30-year-old’s career has been filled with less than positive forecasts

Published 12:00 am Friday, January 17, 2014

SALISBURY — An economist with Wells Fargo Securities said delivering his 2014 economic outlook to the Rowan County Chamber of Commerce on Thursday was a new experience.
Not because he had never spoken in public before.
“This is my first time giving a presentation when I feel optimistic about the U.S. economy,” said Michael Wolf, 30. “So this is a little weird.”
The economy is moving in the right direction, said Wolf, who joined Wells Fargo in April after a year with Moody’s Analytics. He predicted the national economy would grow by 2.8 percent in 2014, less than the desired 3 percent to 3.5 percent but more than the 2 percent growth in 2013.
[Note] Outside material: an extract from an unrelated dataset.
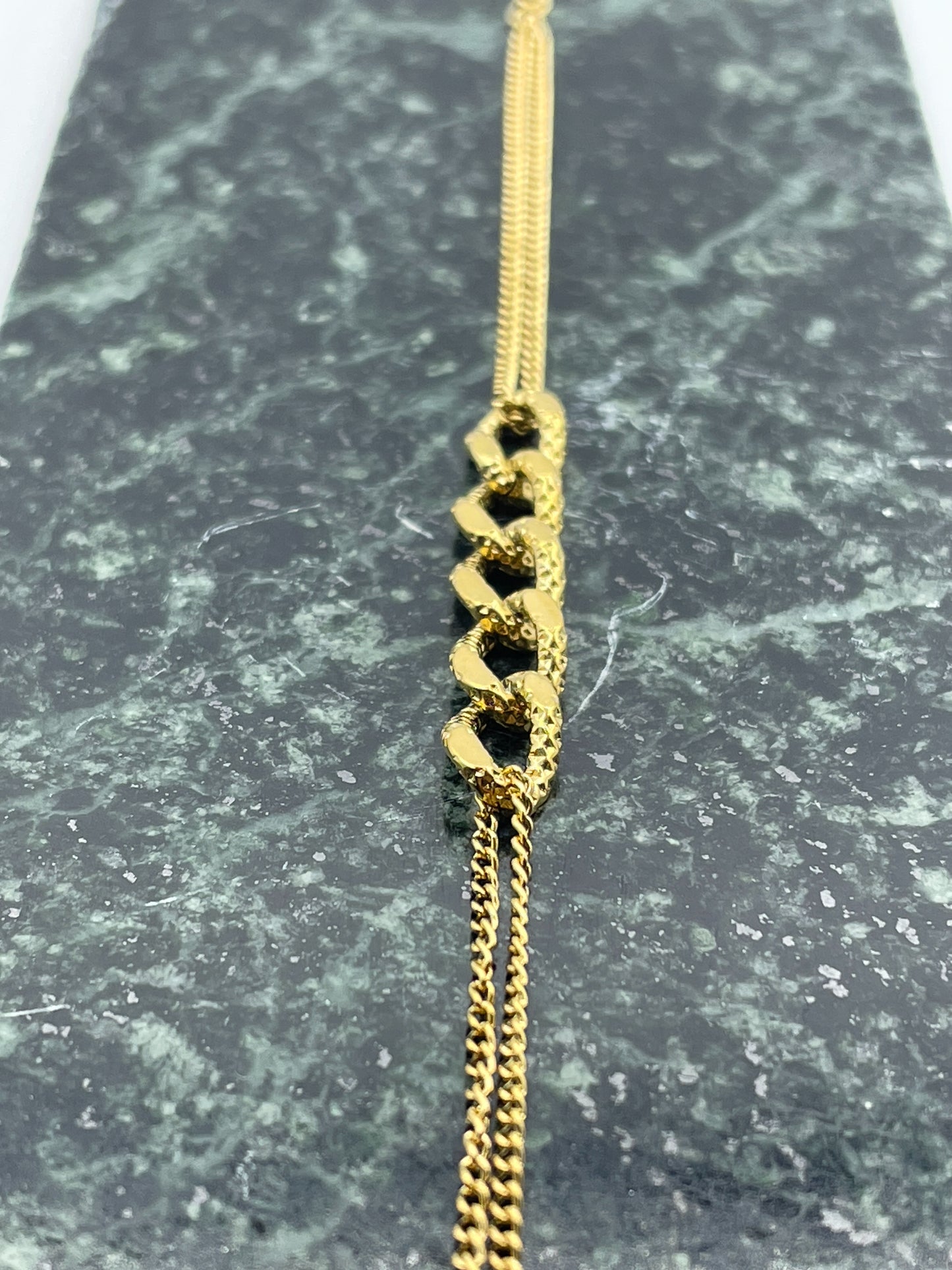 Hammered Large Chain Bracelet Gold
With apologies to elected officials in the audience, Wolf said government is the biggest drag on the economy and will not start contributing until the end of 2015.
While state and national unemployment rates have decreased significantly, the change is due in part to people dropping out of the workforce, Wolf said. There are fewer people employed now than in 2007 in the U.S. and North Carolina, he said.
Wolf, who works in Charlotte, predicted the housing recovery will continue, with home prices and mortgage interest rates increasing at a slow pace.
Wolf noted the federal government’s “massive” budget deficit but said the larger problem is the lack of a plan to do anything about the debt.
“We really need at the federal level just a plan,” he said, whether that includes increasing revenue, cutting spending or both.
Wolf predicted that businesses, which are flush with cash, will hire more workers and buy new equipment in 2014, which could mean additional orders for Rowan County manufacturers. After businesses suffered huge losses during the recession, the average age of industrial equipment is now the oldest it has been since the early 1990s.
Business owners now list taxes and regulation as their top problems, rather than fears about sales, which signals recovery, Wolf said.
Consumer consumption will continue to grow at a modest 2.5-percent pace due to a relatively weak labor market, Wolf said. He noted the recovery has not been evenly distributed between the rich and the poor, and only people who earn more than $100,000 are reporting positive consumer confidence.
The decreasing unemployment rate — down to 6.7 percent in December — overstates the health of the labor market, Wolf said. While the economy has been creating about 180,000 jobs a month for the past two years, much of the perceived improvement in unemployment actually reflects people who have given up looking for a job, he said.
The labor force participation rate continues to fall, down to 62.8 percent in December, according to the U.S. Department of Labor.
“Every economist is baffled by it,” Wolf said. “No one thought the labor force participation rate would drop this far and our unemployment rate would be this low because of it.”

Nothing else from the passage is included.